▶ **Exercise objective**: Your task is to reproduce exactly the lines from the one containing "Krasnodar, Rusya - 23" through the last line below, both ends included, and nothing else, with no pictures.

▶ **Input data**:
#####

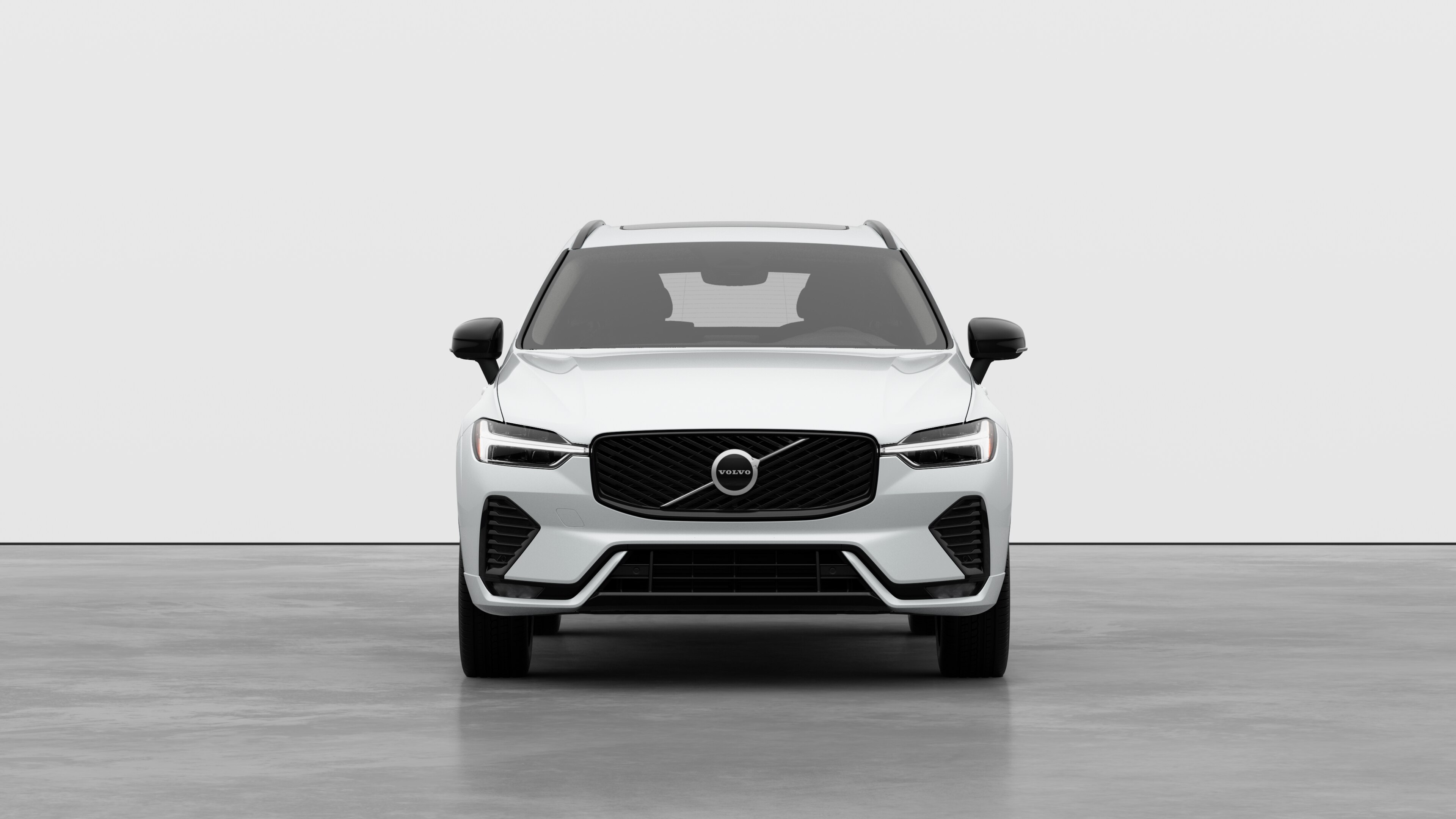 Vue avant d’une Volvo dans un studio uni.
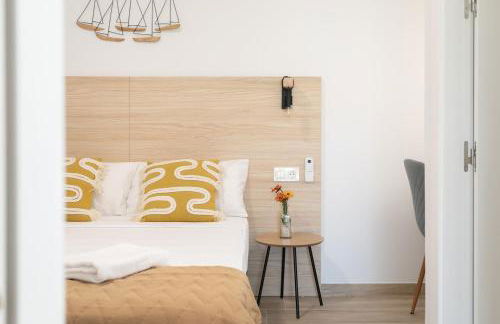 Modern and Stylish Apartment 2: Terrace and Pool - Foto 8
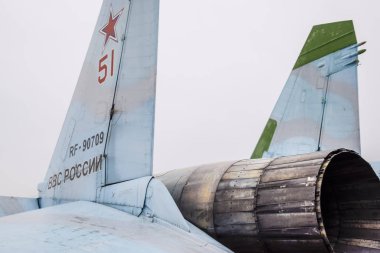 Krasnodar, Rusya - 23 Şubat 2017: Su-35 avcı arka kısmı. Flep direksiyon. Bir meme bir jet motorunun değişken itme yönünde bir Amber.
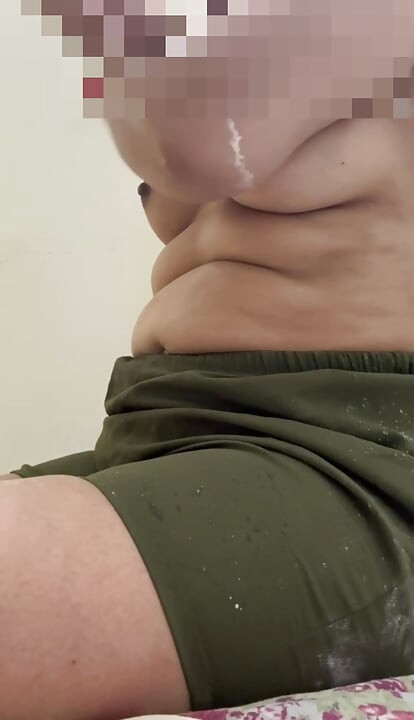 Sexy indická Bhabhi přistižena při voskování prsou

#####

▶ **Exercise solution**:
 Krasnodar, Rusya - 23 Şubat 2017: Su-35 avcı arka kısmı. Flep direksiyon. Bir meme bir jet motorunun değişken itme yönünde bir Amber.
 Sexy indická Bhabhi přistižena při voskování prsou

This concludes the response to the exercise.